Trial Information

UAB 0808, A Phase II Study of Short-course Preoperative Erlotinib Followed by Post-operative Erlotinib-gemcitabine in Patients With Resectable Pancreatic Adenocarcinoma

Our current clinical trial proposal includes a short course of pre-operative, single agent
erlotinib followed by post-operative erlotinib-gemcitabine in a neo-adjuvant/adjuvant
approach to the treatment of patients with resectable pancreatic adenocarcinoma. The short
course pre-operative erlotinib treatment serves two objectives: 1) erlotinib, through its
cytostatic effects, may hinder the ability of tumor cells to metastasize at the time of
surgical resection with minimal toxic effects and no delay in surgical treatment; 2) the
true effects of erlotinib on potential determinants of response can be best assayed on the
pancreatic cancer itself since no other model can better resemble the patients authentic
tumor microenvironment. The post-operative treatment component of the protocol attempts to
improve the demonstrated effects of gemcitabine by adding erlotinib in the adjuvant setting,
a drug combination that, as mentioned, has already been proven to be advantageous for
patients with advanced pancreatic cancer.

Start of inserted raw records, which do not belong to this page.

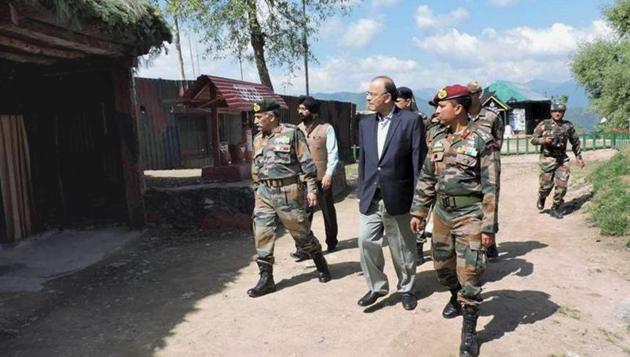 Defence Minister Arun Jaitley during a visit to the forward areas of Rampur Sector of North Kashmir on Friday. (PTI PHOTO)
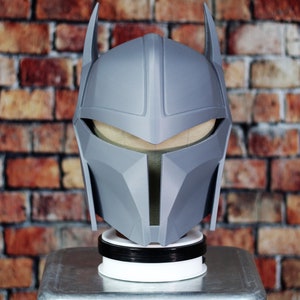 Bat-o-lorian Helm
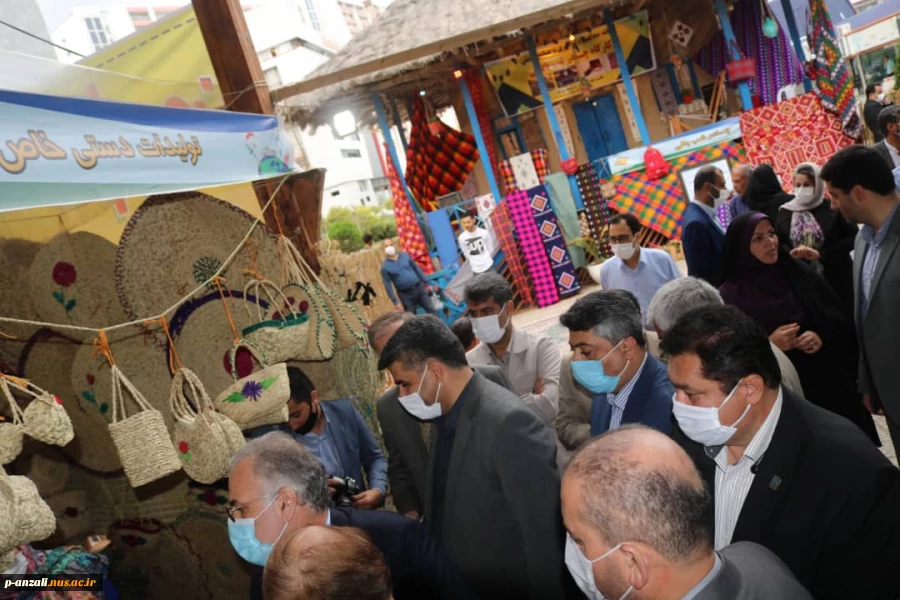 بازدید از نمایشگاه صنایع دستی و بومی منطقه آزاد تجاری انزلی 99/07/07 18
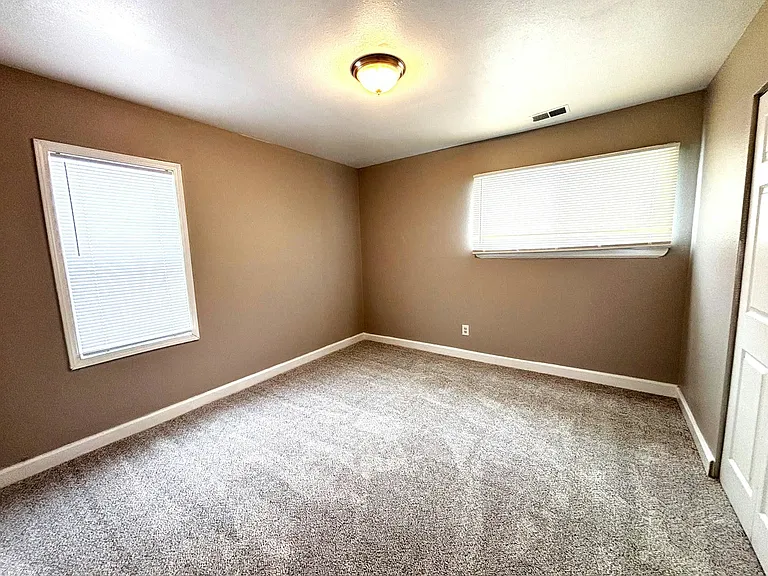 21047 Atlantic Ave — Photo 4
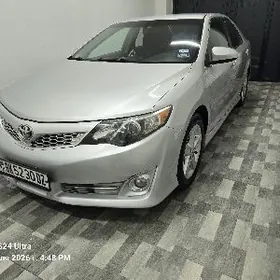 Toyota Camry 2014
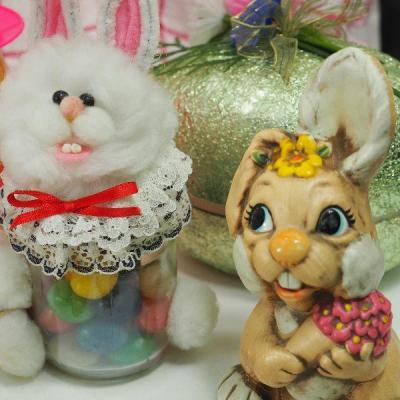 Lot 109 Easter Collectibles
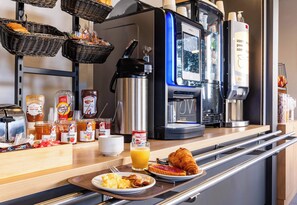Daily buffet breakfast for a fee - B&B HOTEL Valence Sud (Valence)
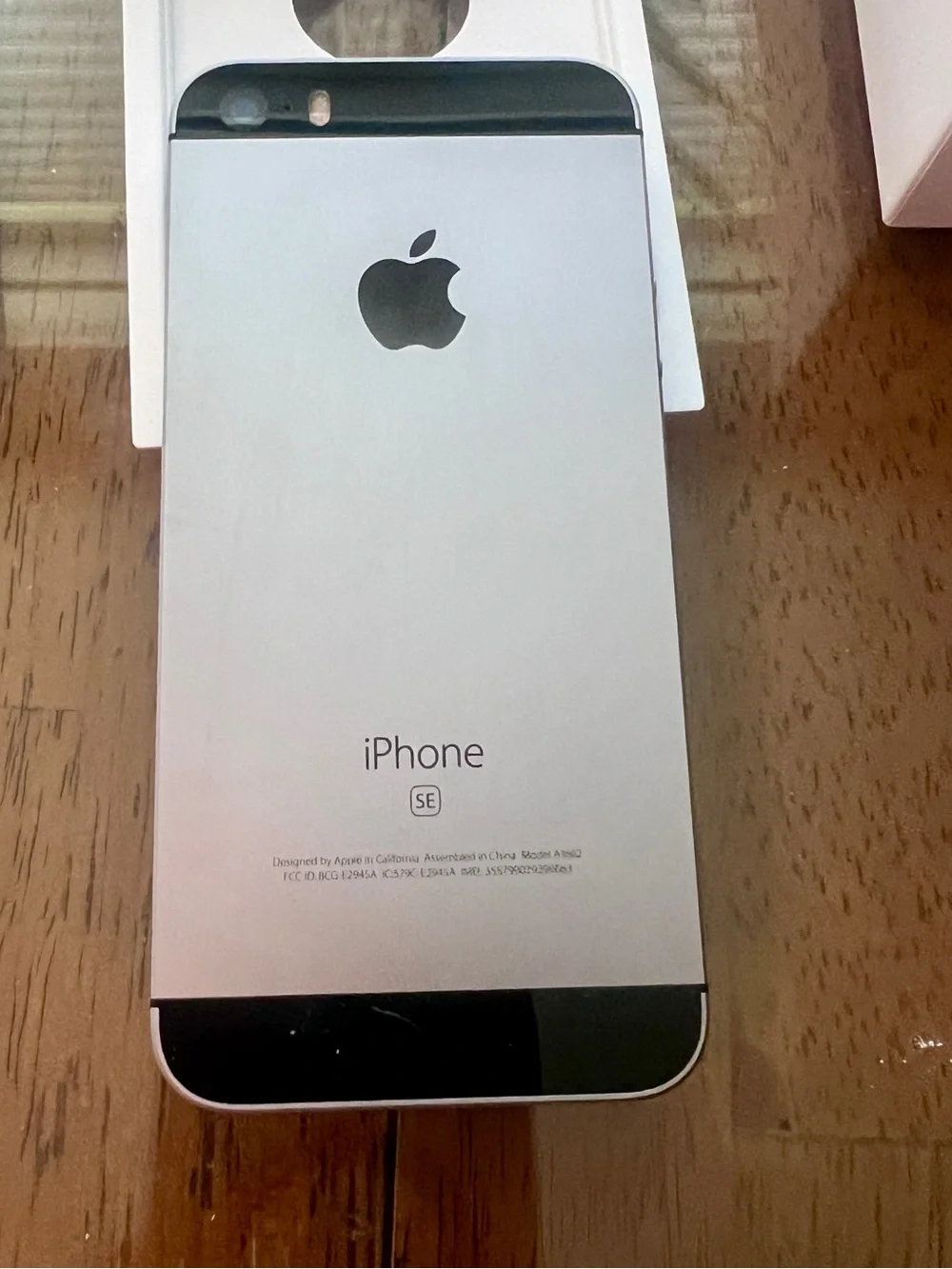 iPhone SE 1st Gen (2015-2017) 32GB PRISTINE OPEN BOX COLLECTORS BUNDLE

Traditionally, chemotherapy for cancer has been conducted in an empiric fashion by first
selecting a regimen based on clinical trial evidence and clinical parameters, and then by
assessing the objective response to that regimen employing clinical and radiographic imaging
means. This approach suffers from many disadvantages, most conspicuously the inability to
select the better patient candidates prior to the initiation of therapy, thus sparing the
risk and expense of ineffective treatment for patients who are unlikely to respond. Since
pancreatic cancer expression of EGFR protein by itself is not predictive of therapeutic
response, alternative methods of patient selection seem to be essential for the success of
EGFR-targeted treatment. The understanding of EGFR molecular signaling has allowed the drug
development process to shift from an empiric random screening approach to a more rational
and mechanistic, target-directed approach. Among multiple attempts to identify molecular
determinants of tumor cell sensitivity to EGFR inhibitors, there are two main paradigms that
stand out: 1) activation of downstream pharmacodynamic effectors associated with response to
the drug (i.e. phosphorylation of Akt or ERK; expression of c-fos), and 2) prediction of
sensitivity based on a "static" analyte (detection of EGFR sensitizing mutations;
epithelial-mesenchymal transition profile). However, given the complexity of factors
governing pancreatic cancer response to erlotinib, the biologic heterogeneity of malignant
phenotype, and overall relatively low response rates, we believe that it is unlikely that
analysis of a single biomarker will be useful for patient selection. A comprehensive
analysis of a dynamic panel of biomarkers relevant to EGFR signaling and erlotinib mechanism
of action seems more useful in that sense. Furthermore, the limited ability of pancreatic
cancer tissue sampling often precludes biomarker correlation to assays worked out in
xenograft models or in-vitro conditions.

The translational rationale of this proposal is therefore to develop predictive chemotherapy
sensitivity-resistance assays (CSRA) for pancreas carcinoma patients treated with erlotinib
and gemcitabine. This will represent a major advance, because the CSRA would enable
prediction of clinical response prior to initiation of therapy.